This recently-awarded, one year (December 2011 – December 2012) project seeks to create a research network through which to develop a better understanding of the complexities and opportunities when researching multilingually. This under-investigated theme has been a concern of ours for some time. Thus, the AHRC project builds upon our exploratory seminar in Durham in 2010 and a colloquium of papers on this theme presented at the 2011 Annual Meeting of the British Association of Applied Linguists (BAAL).
We are now inviting researchers with experience of multilingual research design and practice (in whatever disciplinary context and with whatever combination of languages) to join this network in order to share insights into how researchers working multilingually theorise and operationalise their research design. We are interested in all aspects of the multilingual research process: including the use of literatures, the design of data collection and generation instruments, the management of data sets, the data analysis and interpretation processes and outcomes, the presentation (oral and written) of the study with all the representational issues this involves. We are also interested in how research contexts (e.g., examined doctoral studies, funded research projects, community research involving local authorities and charities, etc.) might inform researchers’ decisions and practices about the potential multilingual dimensions of their work.

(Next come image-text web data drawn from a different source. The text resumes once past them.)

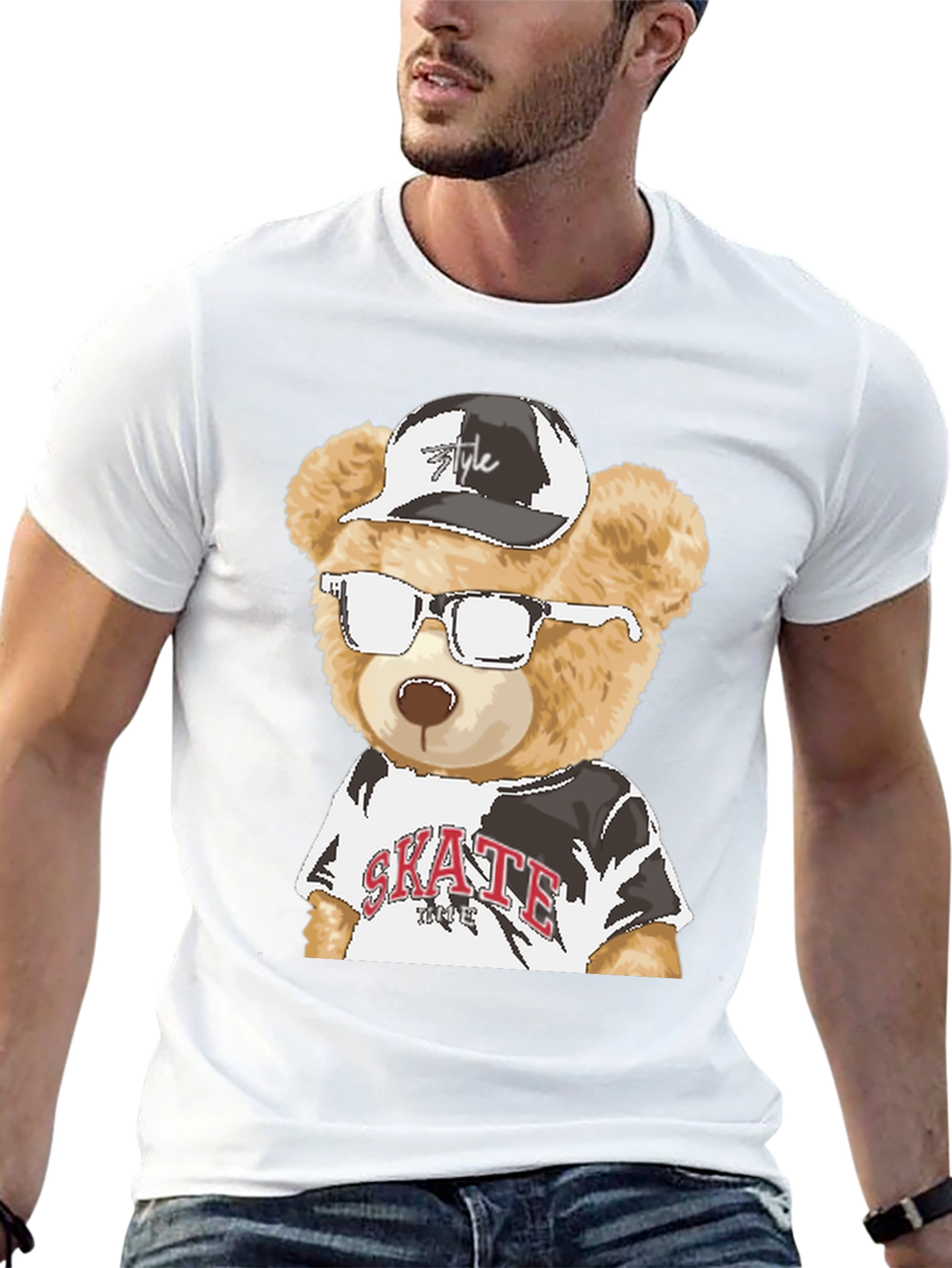 Teddy Bear Skate T-Shirt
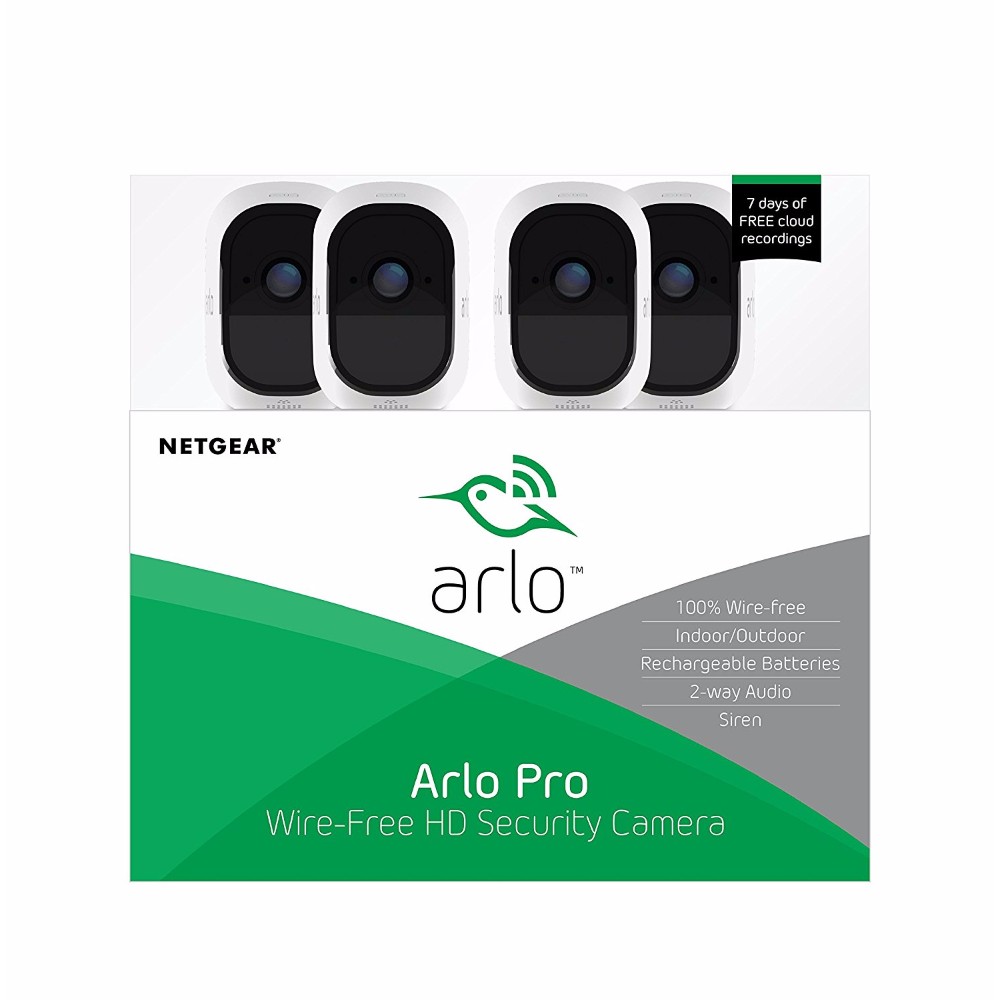 CAMERA HD ARLO PRO PACK DE 4 100 % sans fil - Image 2
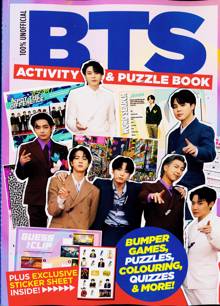 Bts Activity Book 2026 Magazine ONE SHOT Order Online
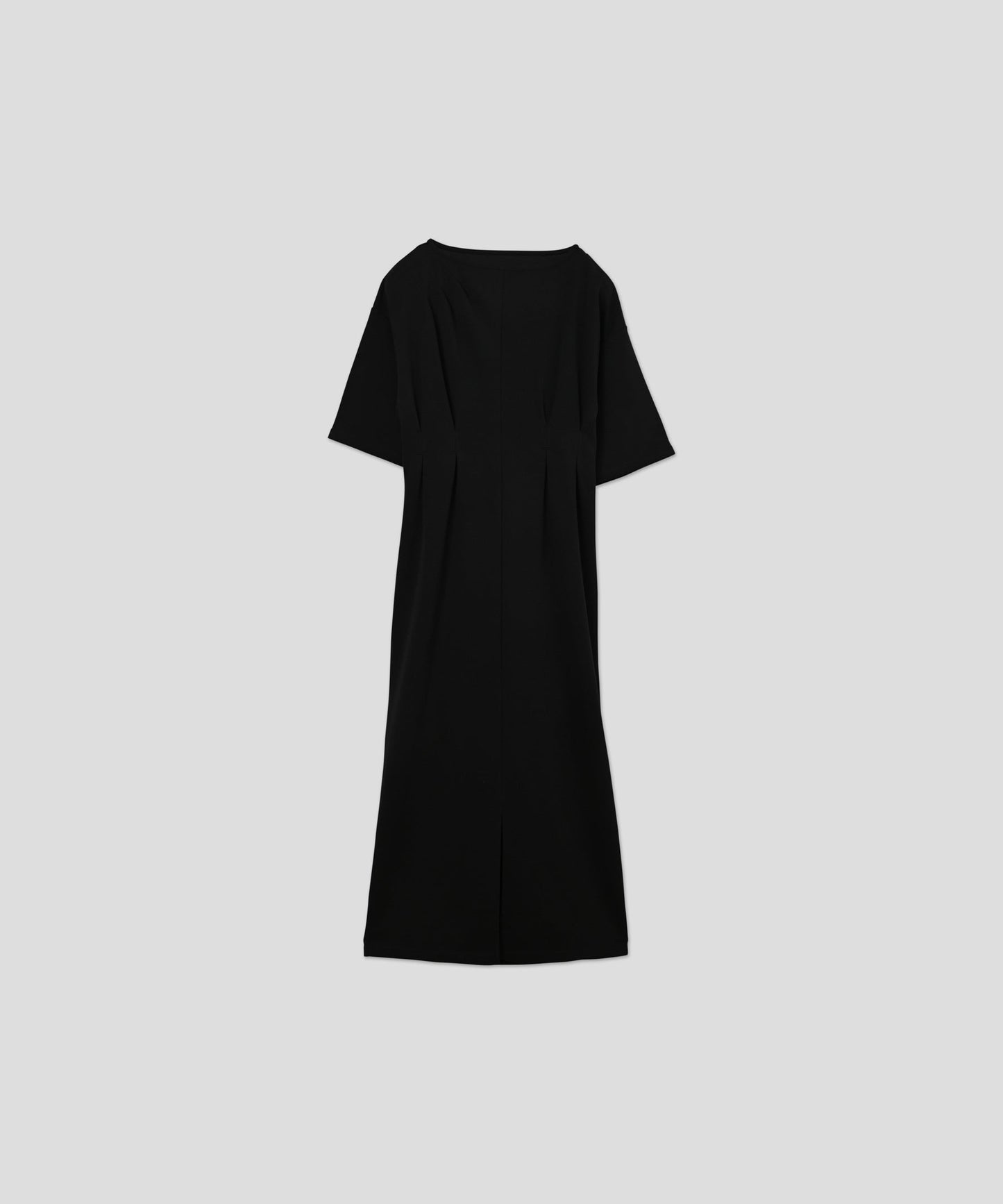 asymmetry tuck dress / WHT26HOP4078
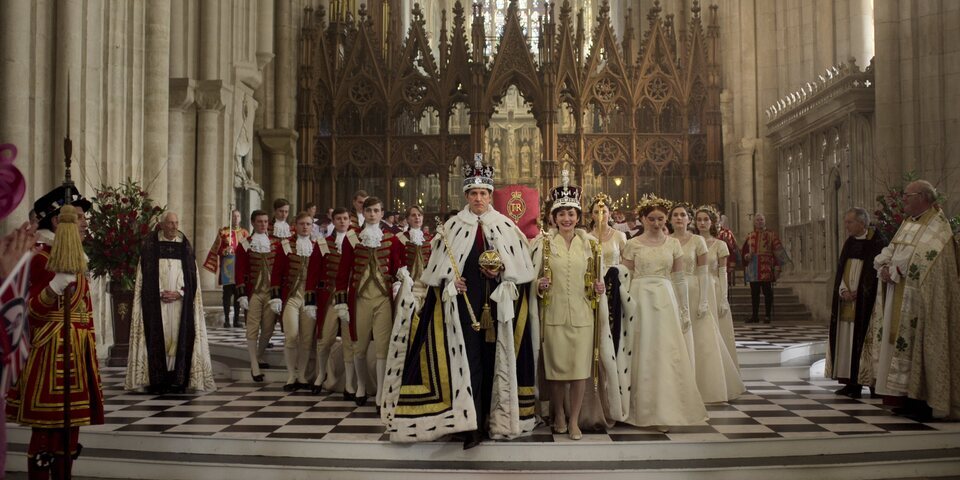 Imagen de la serie The Crown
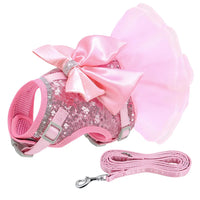 Princess Tutu Sequin Harness and Leash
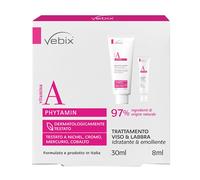 Vebix PHYTAMIN ACTIVE KIT Viso Aquagel + Balsamo Labbra 30ml+8ml 30ml+8ml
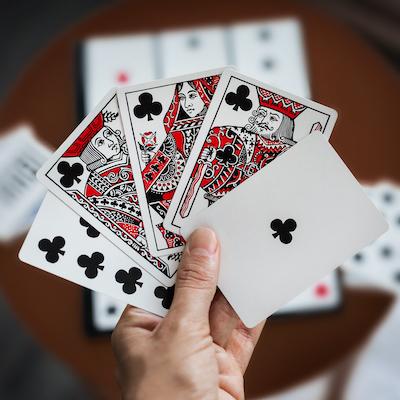 Hidden Leaves Playing Cards - ♦️ Markt 52 Online Shop Marketplace Playing Cards, Table Games, Stickers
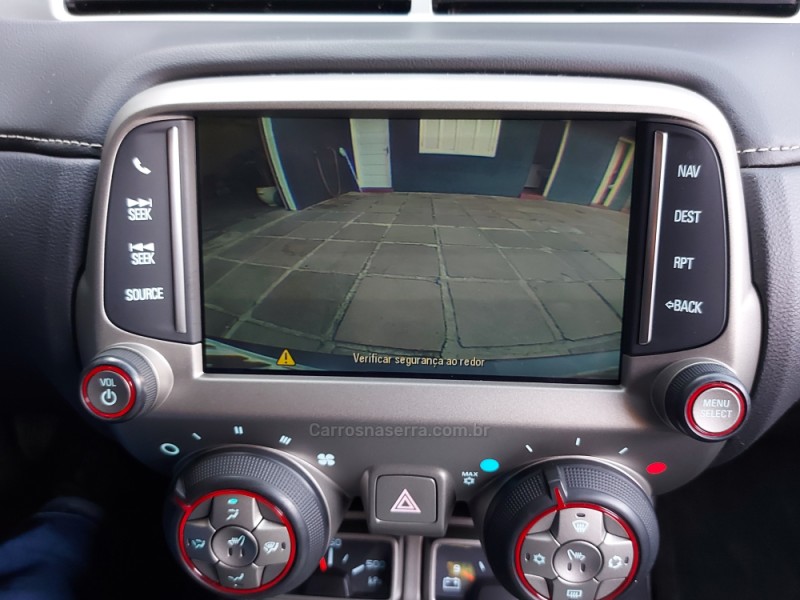 CAMARO 6.2 SS CONVERSÍVEL V8 GASOLINA 2P AUTOMÁTICO - 2014 - NOVO HAMBURGO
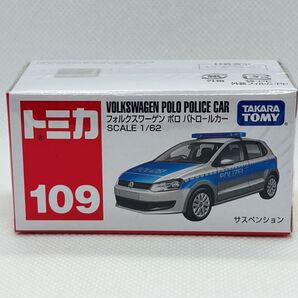 トミカ109 フォルクスワーゲン ポロ パトロールカー【新品未開封品】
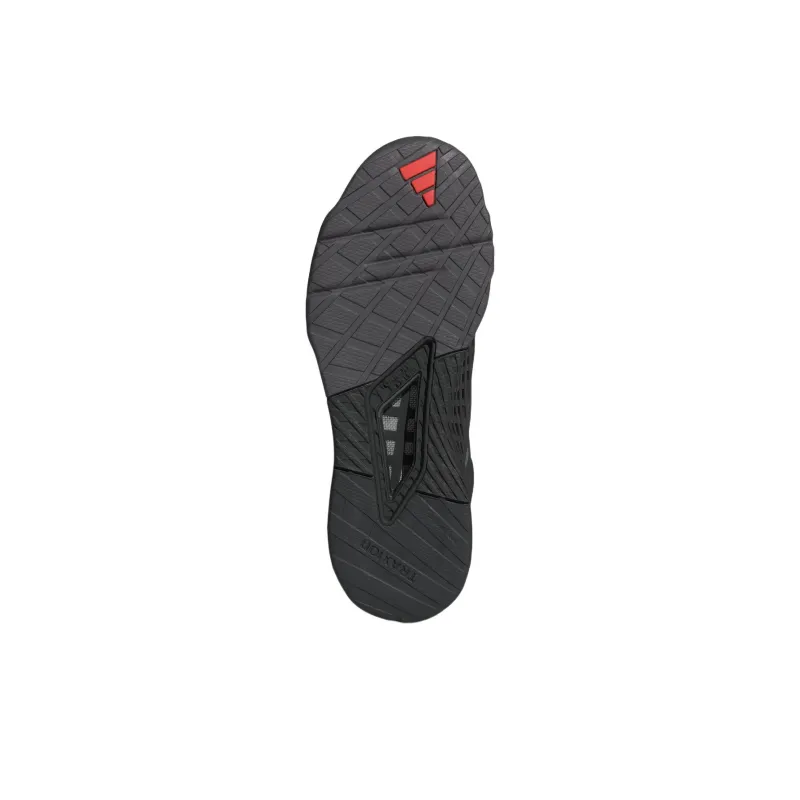Adidas Dropset 3 Gfx Grey Core Black Bright Red-5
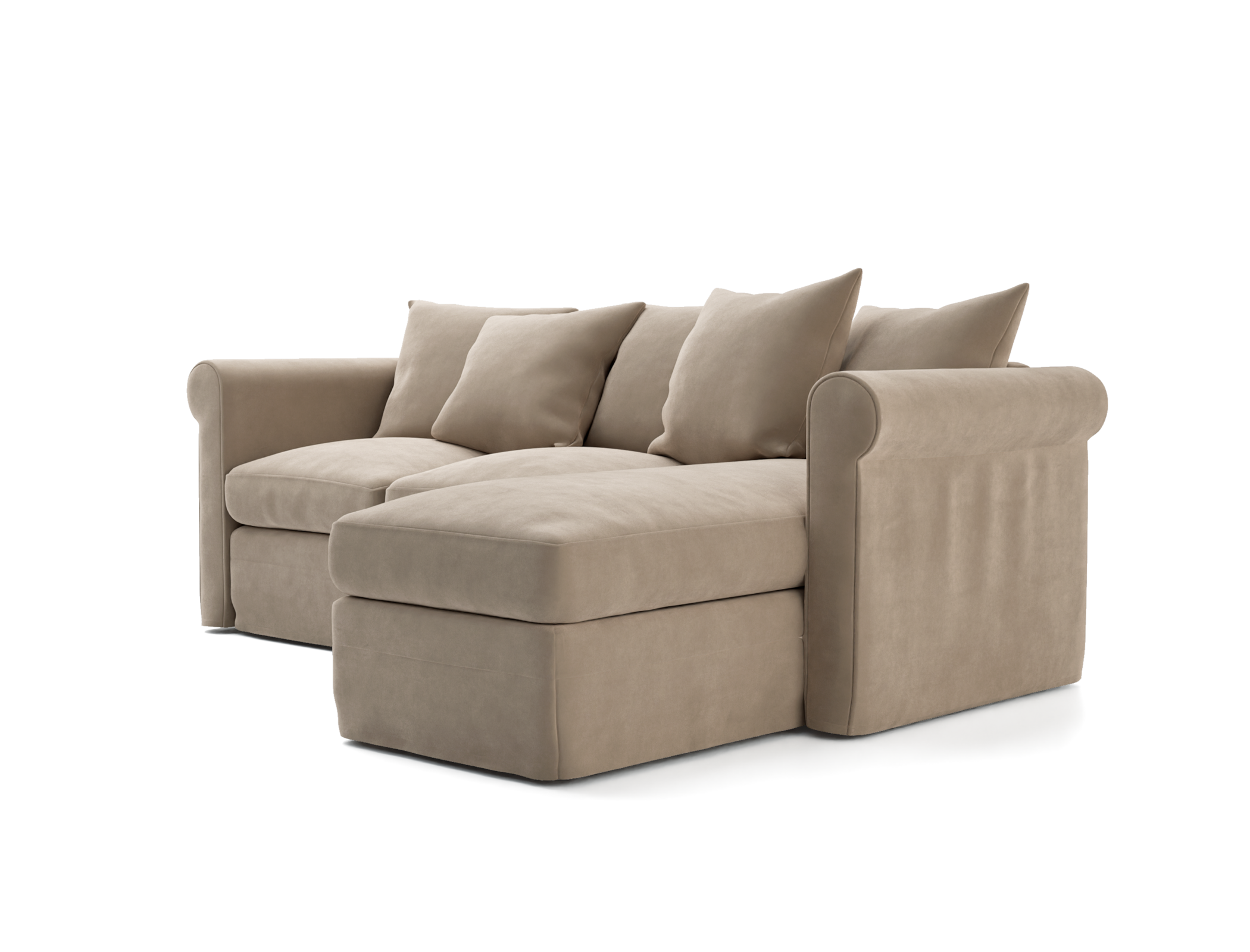 Grönlid 3 Seater with Chaise Sofa Cover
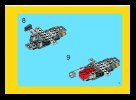 Notice / Instructions de Montage - LEGO - 6741 - Mini Jet: Page 5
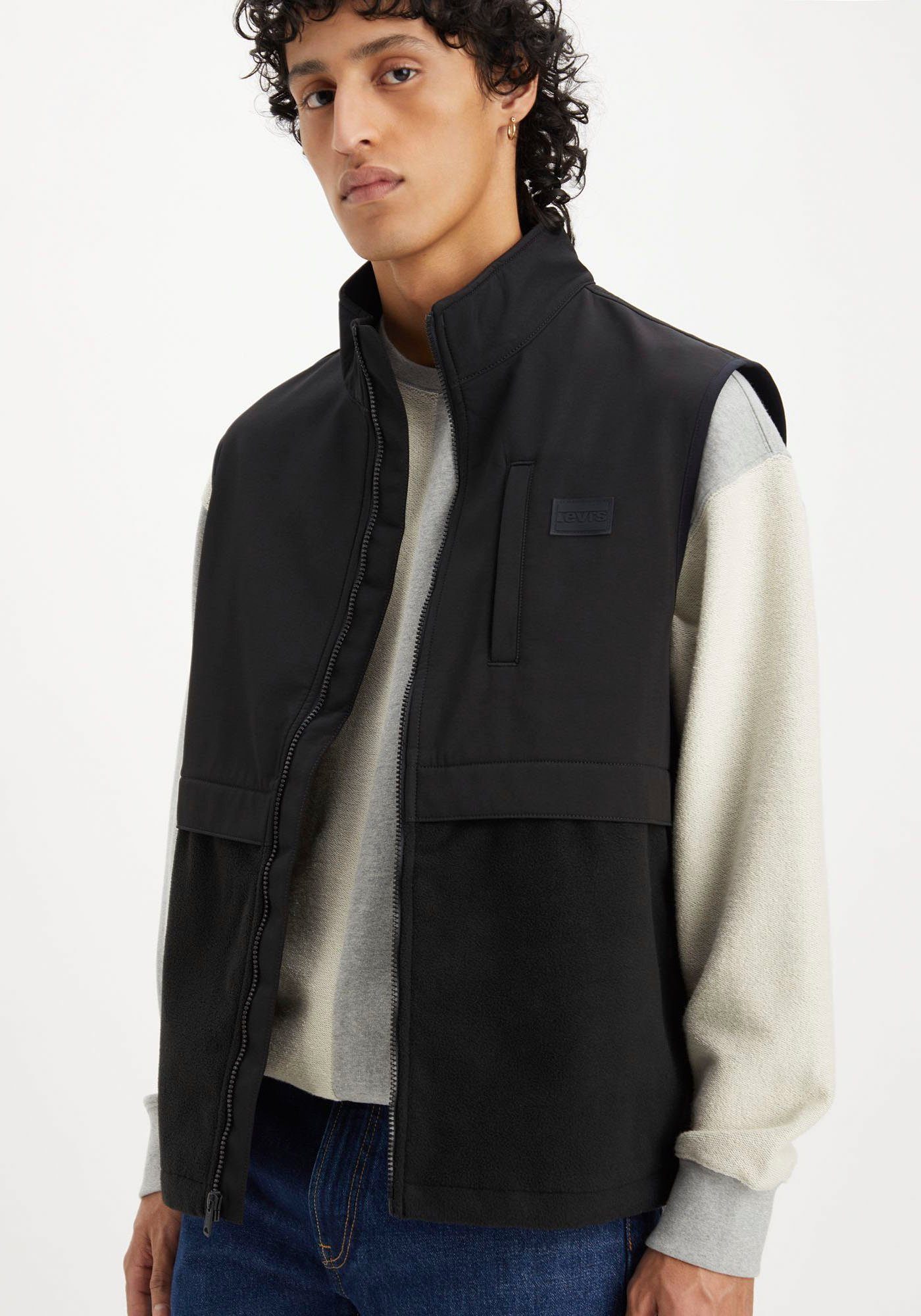 Levi's® Fleeceweste GEARY FLEECE VEST günstig online kaufen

The sharing of such insights is taking place through three 2-day seminars in 2012 (one in Durham, one in Bristol and one in Manchester). Some contributions might be case studies of particular practices of a study undertaken multilingually; others might focus on the issues that arise in particular research contexts; and others might present possible ways of theorising/operationalising the researching multilingually theme. For participants, an outcome of the seminars will be the opportunity to submit an article on the “researching multilingually” aspects of their work for publication in a journal special issue or as a book chapter (both edited by the research team).